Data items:
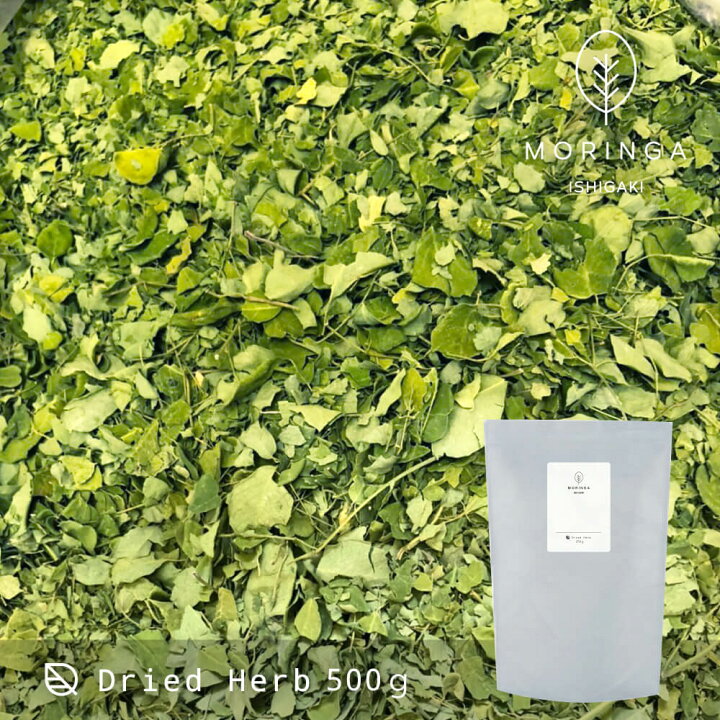 楽天市場】送料無料 モリンガ 乾燥葉 モリンガ茶 500g ハーブ スパイス 
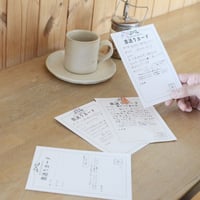 恩送りカード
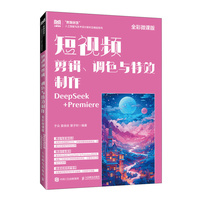 短视频剪辑、调色与特效制作（全彩微课版）DeepSeek+Premiere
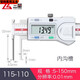 XMSJ Japonais Groove intérieur Affichage numérique Vernier Coute Couper Tête Intérieur Aneau inoxydable Aclern inoxydable 115-12124-150MM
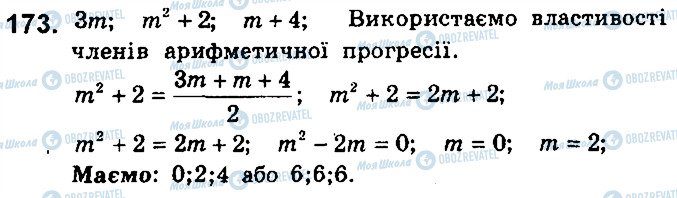 ГДЗ Алгебра 9 клас сторінка 173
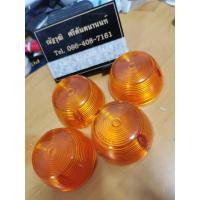 ราคา ฝาไฟเลี้ยว​YAMAHA​ YL2 RS100 CHAPPY...ของใหม่เก่าเก็บสวยๆ...ปั้มIMASEN...ชุด4ฝา... (28858296665)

◆ Exercise goal: The records, exactly as written but without images, should be returned.

◆ Result:
 楽天市場】送料無料 モリンガ 乾燥葉 モリンガ茶 500g ハーブ スパイス 
 恩送りカード
 短视频剪辑、调色与特效制作（全彩微课版）DeepSeek+Premiere
 XMSJ Japonais Groove intérieur Affichage numérique Vernier Coute Couper Tête Intérieur Aneau inoxydable Aclern inoxydable 115-12124-150MM
 ГДЗ Алгебра 9 клас сторінка 173
 ราคา ฝาไฟเลี้ยว​YAMAHA​ YL2 RS100 CHAPPY...ของใหม่เก่าเก็บสวยๆ...ปั้มIMASEN...ชุด4ฝา... (28858296665)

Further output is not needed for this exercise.